# [Collected data entries]
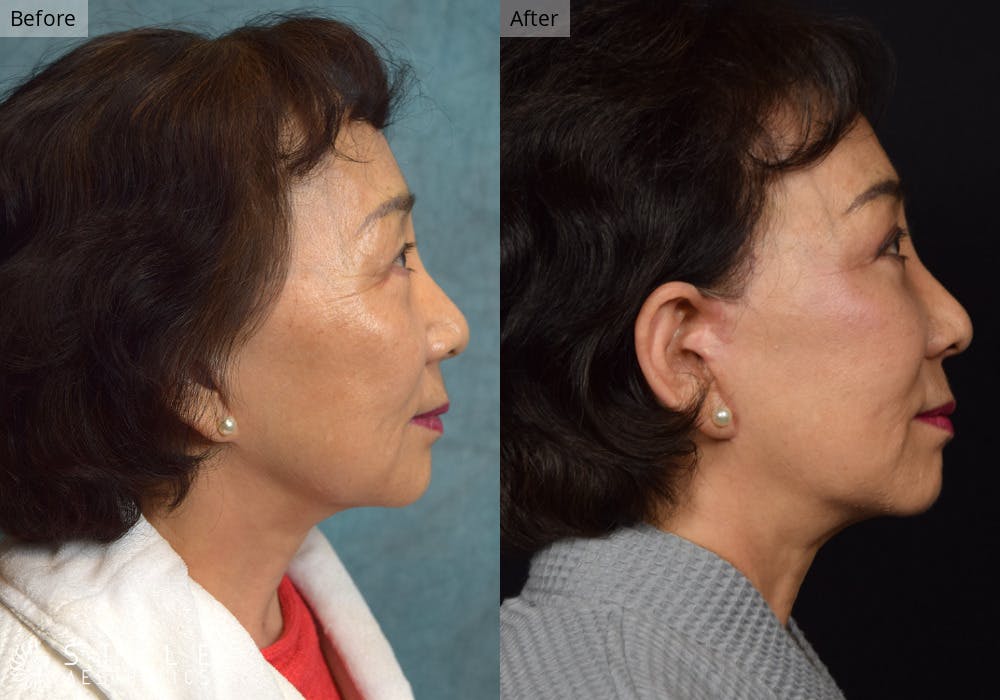 Facelift Before & After Gallery - Patient 271379 - Image 3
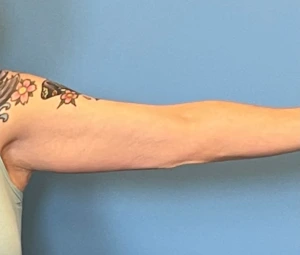 Brachioplasty-Arm-Lift-Case--18182 | After Body 2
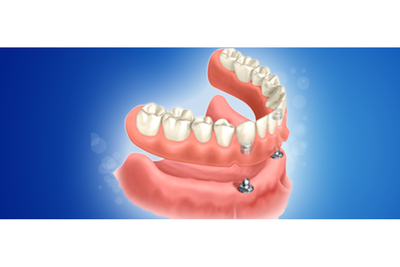 Επιεμφυτευματική οδοντοστοιχία. Εντυπωσιακή  βελτίωση της συγκράτησης σε ολική οδοντοστοιχία στην κάτω γνάθο που 
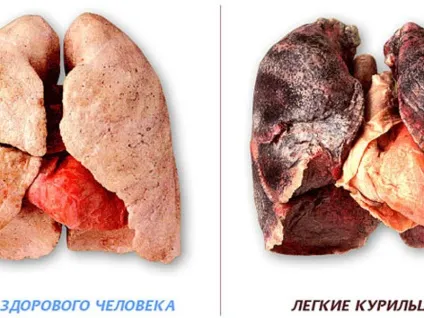 Який прогноз життя дають при емфіземи легенів, симптоми хвороби і методи лікування (життя) Який прогноз життя дають при емфіземи легенів, симптоми хвороби і методи лікування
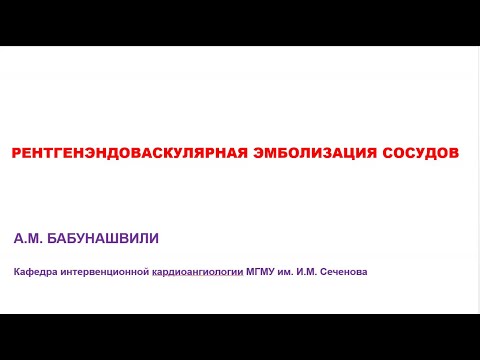 Видео: Рентгенэндоваскулярная эмболизация артерий (Профессор А.М. Бабунашвили)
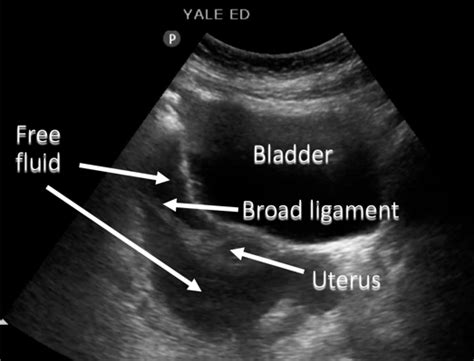 Hi i just had a pelvis ultrasound n the report states: Pelvic Free Fluid | Lesson #106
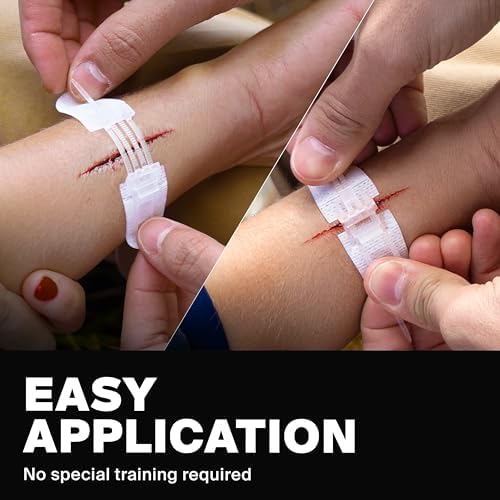SurviveX Zip Stitch Wound Closure Kit - No Stitches Needed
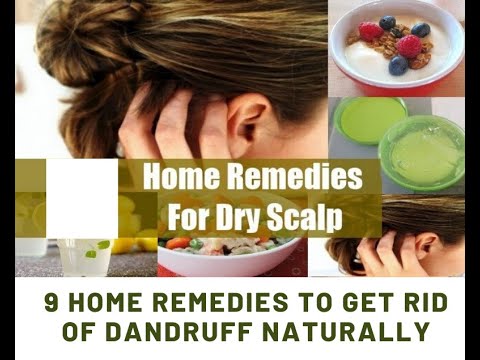 9 Home Remedies to Get Rid of Dandruff Naturally | home remedy for dry scalp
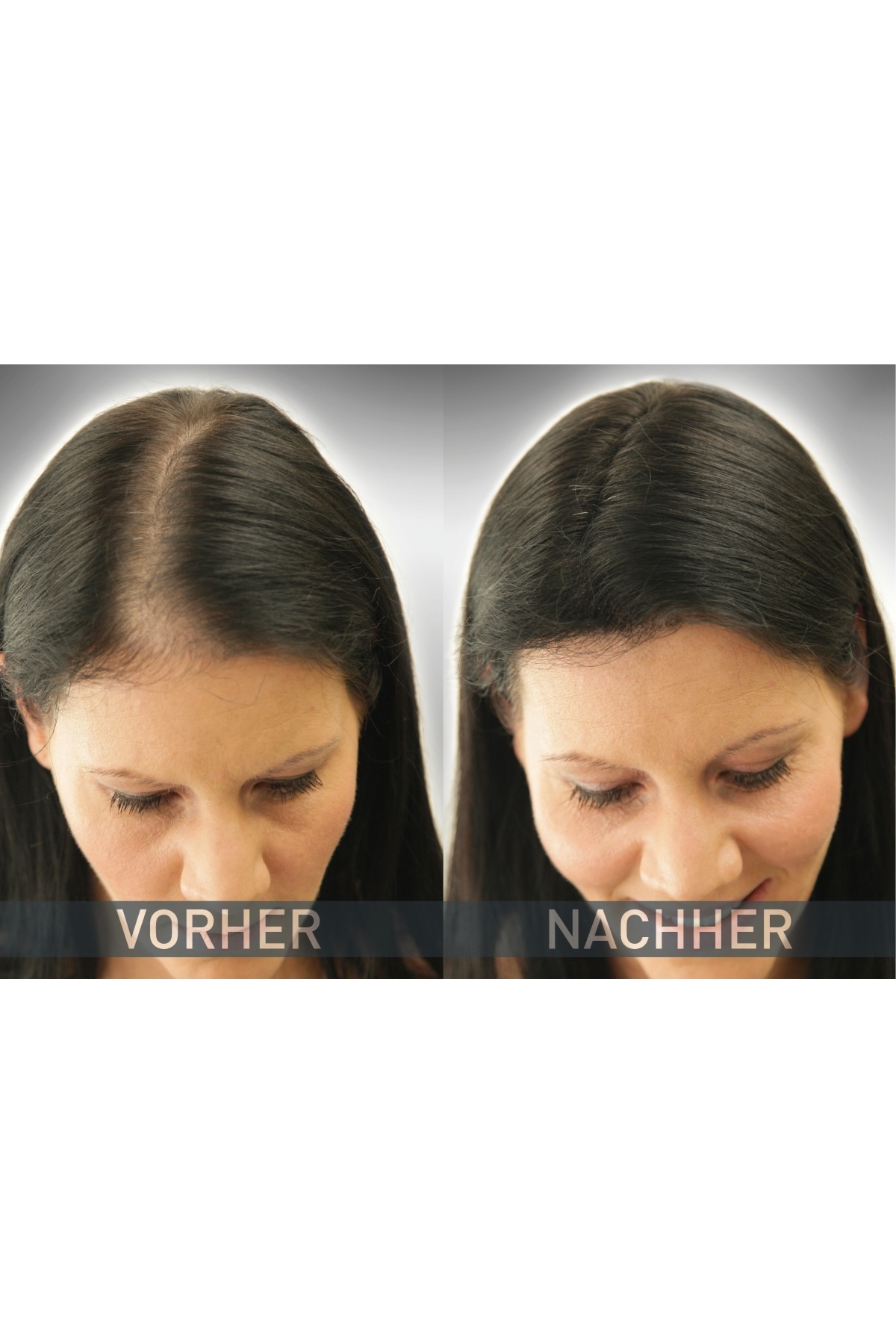 Orta Kahve 14 Gramm Saç Fiberi Dolgunlaştırıcı Kellik Kapatıcı Toz (Topik Tozu) — قهوه‌ای Cover Hair 14 Gramm — تصویر 7 از 8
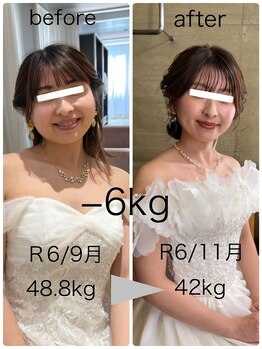 ハッチー(Hacchi)/【20代】ブライダル痩身！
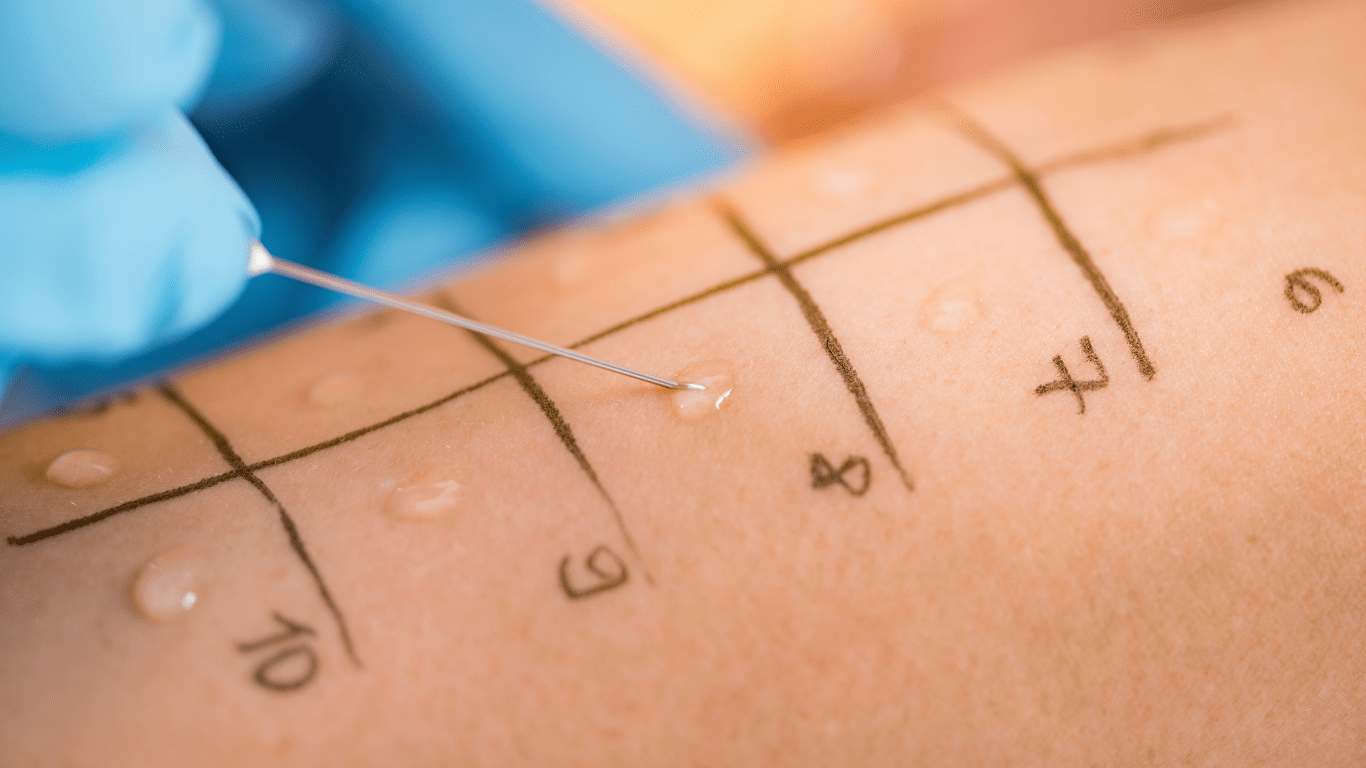 Wie erkenne ich eine Milbenallergie? Diagnostik und Tests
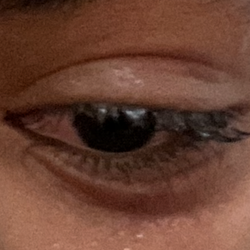 Courts Plus Fitness Center - My eye progressively over two weeks.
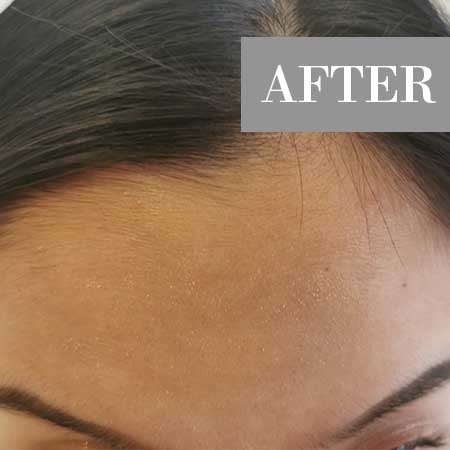 After image
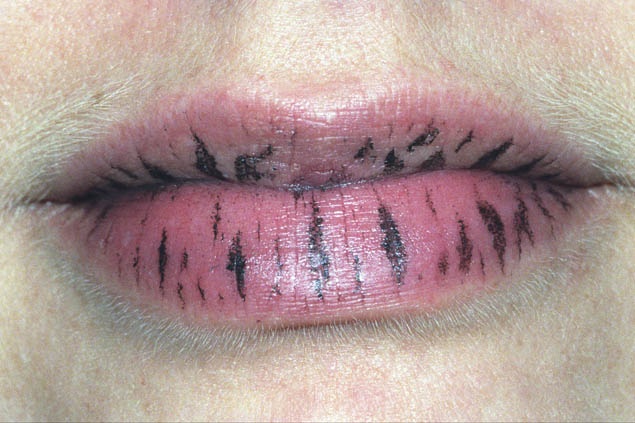 Anika Smulovitz Lips Untitled stripes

# [Work to be completed]
Nothing but an exact copy of the data above, minus its pictures, should appear in the response.

# [Result below]
 Facelift Before & After Gallery - Patient 271379 - Image 3
 Brachioplasty-Arm-Lift-Case--18182 | After Body 2
 Επιεμφυτευματική οδοντοστοιχία. Εντυπωσιακή  βελτίωση της συγκράτησης σε ολική οδοντοστοιχία στην κάτω γνάθο που 
 Який прогноз життя дають при емфіземи легенів, симптоми хвороби і методи лікування (життя) Який прогноз життя дають при емфіземи легенів, симптоми хвороби і методи лікування
 Видео: Рентгенэндоваскулярная эмболизация артерий (Профессор А.М. Бабунашвили)
 Hi i just had a pelvis ultrasound n the report states: Pelvic Free Fluid | Lesson #106
SurviveX Zip Stitch Wound Closure Kit - No Stitches Needed
 9 Home Remedies to Get Rid of Dandruff Naturally | home remedy for dry scalp
 Orta Kahve 14 Gramm Saç Fiberi Dolgunlaştırıcı Kellik Kapatıcı Toz (Topik Tozu) — قهوه‌ای Cover Hair 14 Gramm — تصویر 7 از 8
 ハッチー(Hacchi)/【20代】ブライダル痩身！
 Wie erkenne ich eine Milbenallergie? Diagnostik und Tests
 Courts Plus Fitness Center - My eye progressively over two weeks.
 After image
 Anika Smulovitz Lips Untitled stripes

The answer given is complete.